Assigned task:
Retype the lines from the one containing "Carter's Pink Pull-On Jeggings 18M" through the last line of the entries below, exactly and in full, omitting every image.

Caption-style text data:
▼

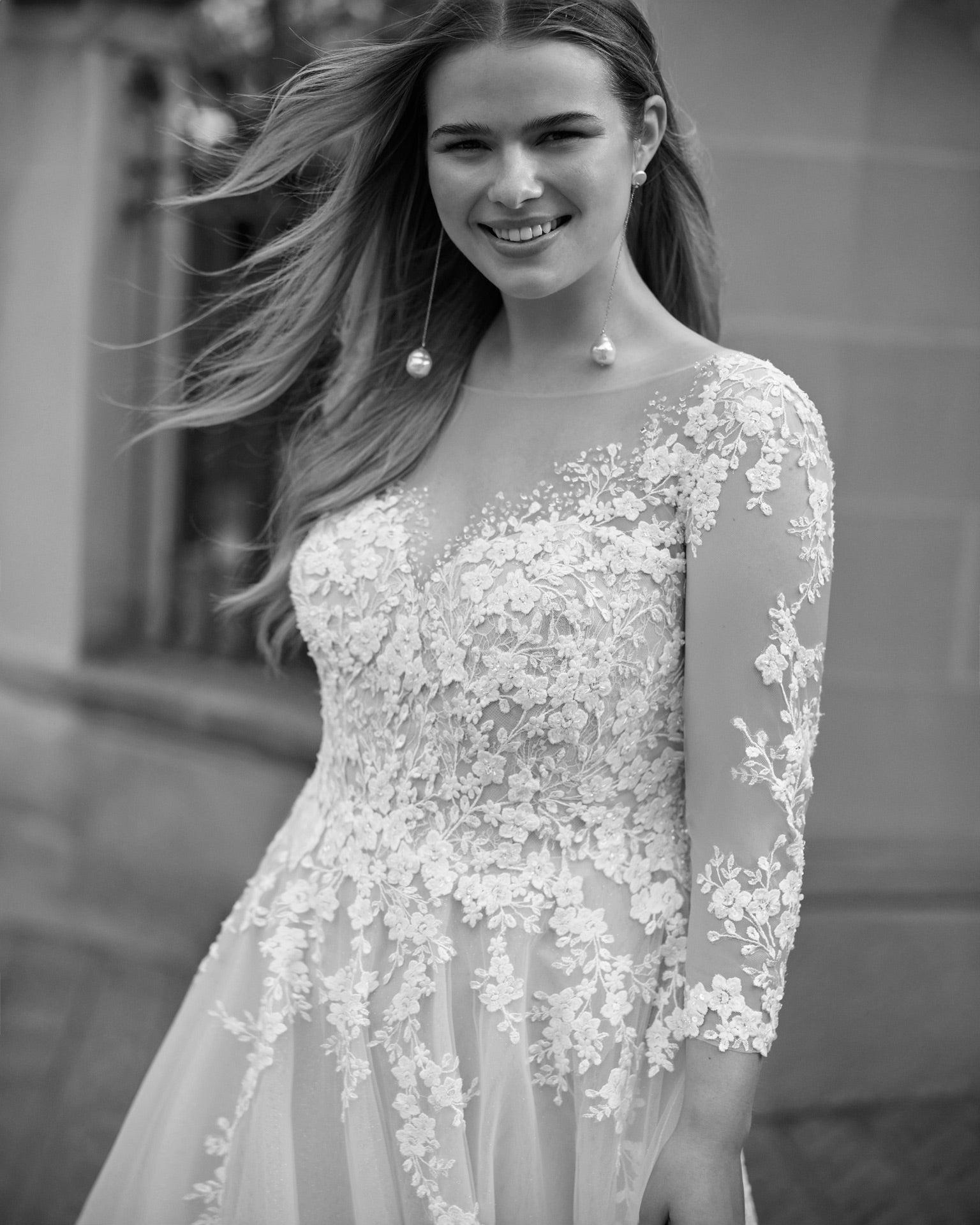 ABITO SPOSA MARTHA BLANC - ROSA CLARA' FIORA 9I115ENJ0EP NANA ROSA CLARA' 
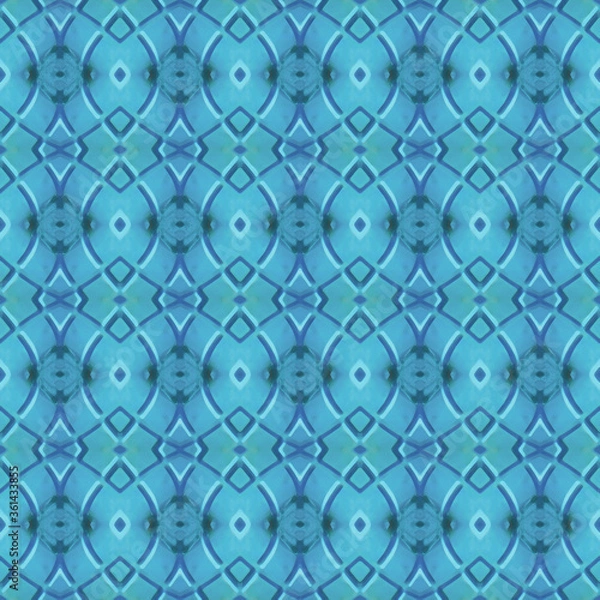 Fototapeta Modern Geometric Seamless Pattern Mosaic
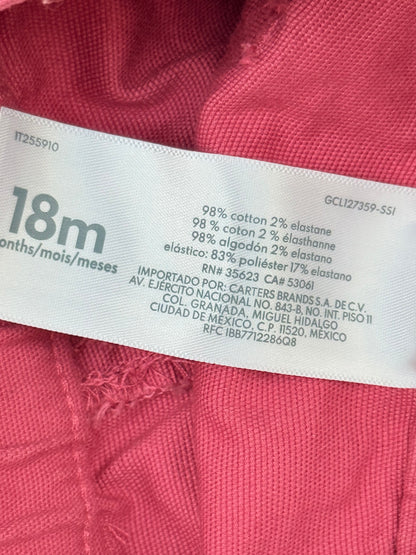 Carter's Pink Pull-On Jeggings 18M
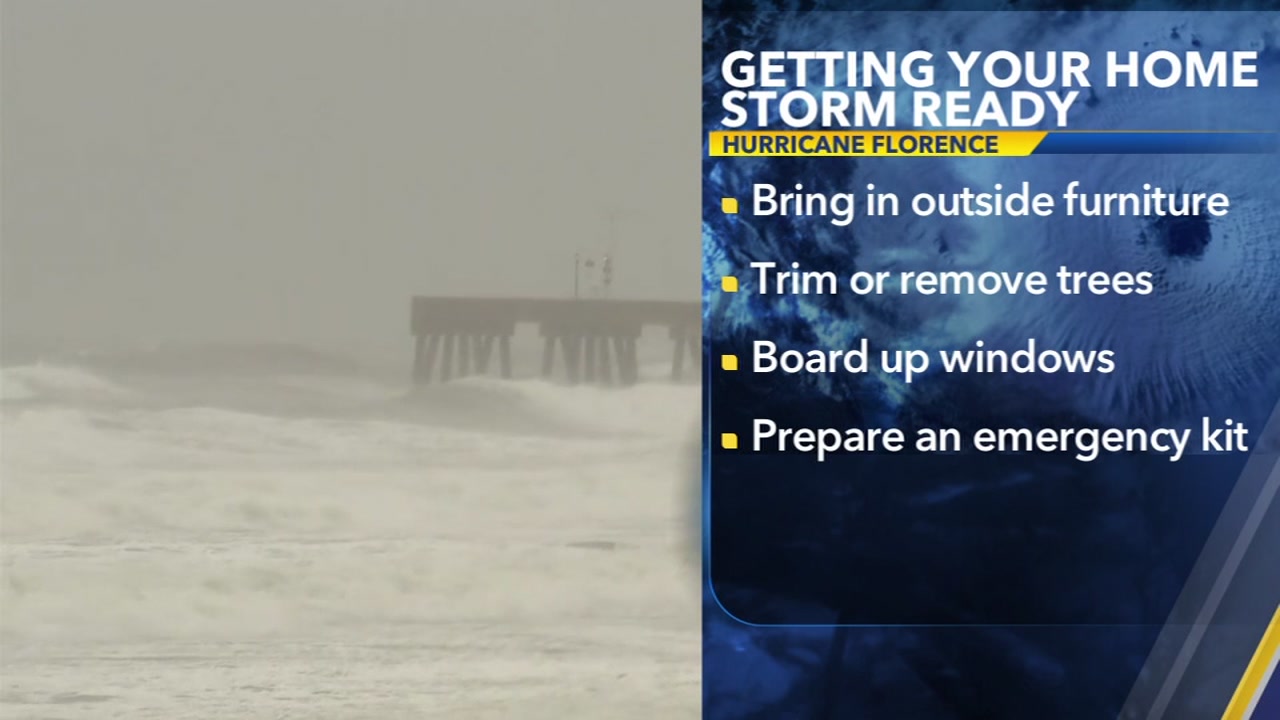 Getting your home ready for Hurricane Florence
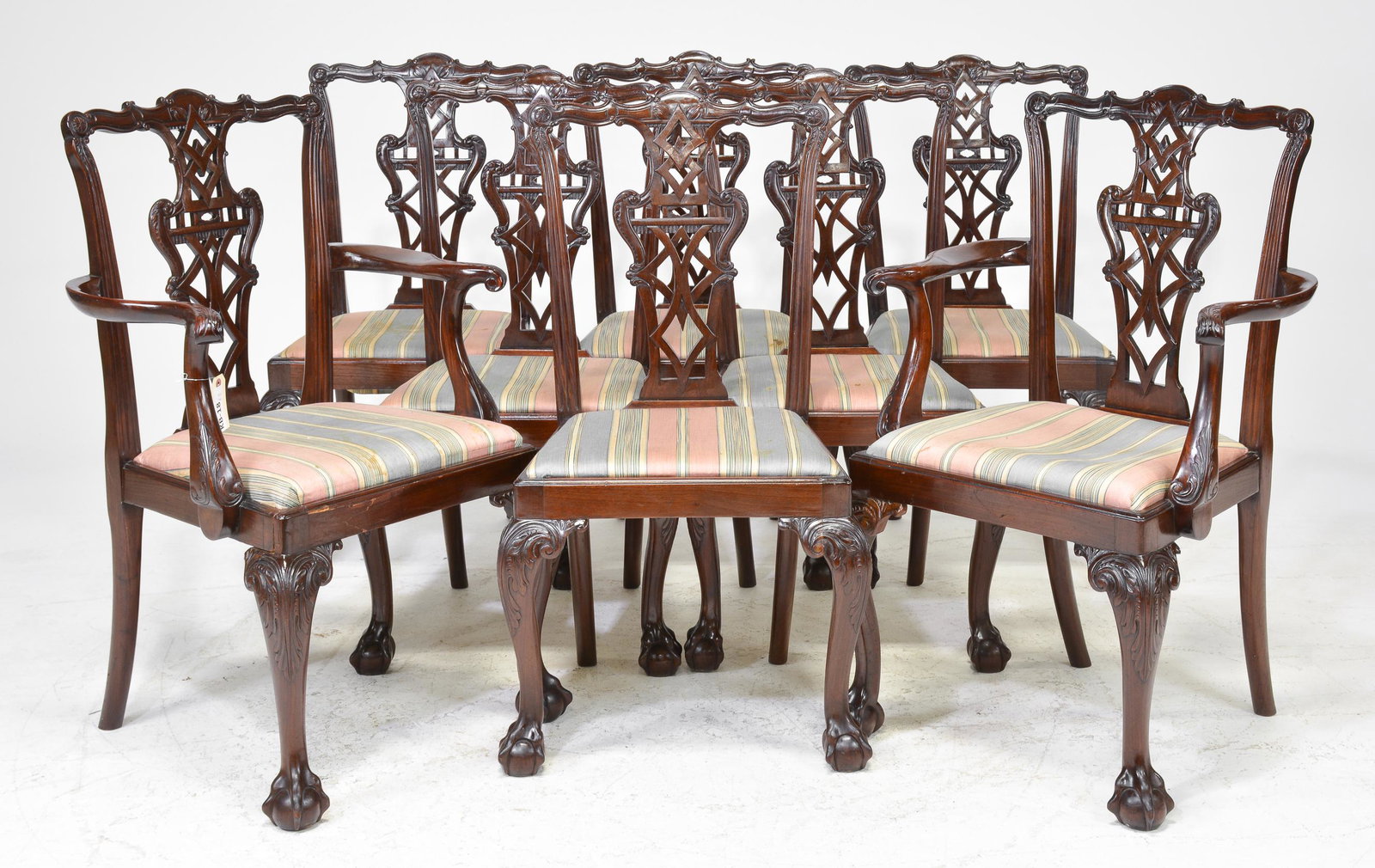 Set of 8 Ball & Claw Chippendale Dining Chairs (1 of 6)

▲

Output for this task:
 Carter's Pink Pull-On Jeggings 18M
 Getting your home ready for Hurricane Florence
 Set of 8 Ball & Claw Chippendale Dining Chairs (1 of 6)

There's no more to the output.